- **COLLECTED MATERIAL**
Content starts

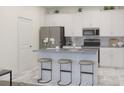 Modern kitchen with stainless steel appliances, white cabinetry and island with bar stool seating at 2569 Cotton Candy Aly, Kissimmee, FL 34744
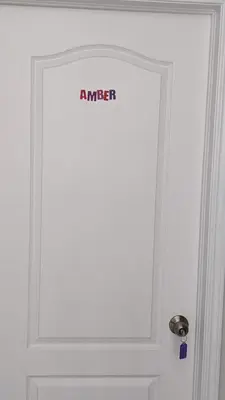 a white door with a sign on it at The Warm Welcome Suite in Thorold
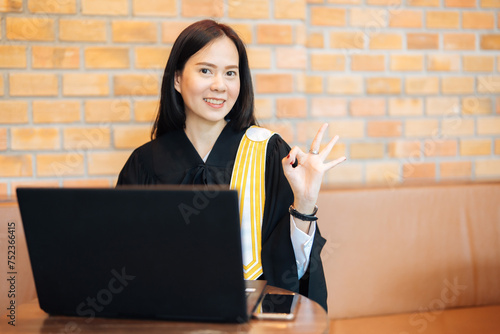 Asian female lawyer gives thumbs up OK Using a laptop to type in a law office from police investigations and judgments from judges to prosecute clients against defendants who have committed crimes.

Content ends

- **WHAT YOU SHOULD DO**
Every last line above must be reproduced as written, and no pictures belong in the copy.

- **RESULT FOR THIS EXERCISE**
 Modern kitchen with stainless steel appliances, white cabinetry and island with bar stool seating at 2569 Cotton Candy Aly, Kissimmee, FL 34744
 a white door with a sign on it at The Warm Welcome Suite in Thorold
 Asian female lawyer gives thumbs up OK Using a laptop to type in a law office from police investigations and judgments from judges to prosecute clients against defendants who have committed crimes.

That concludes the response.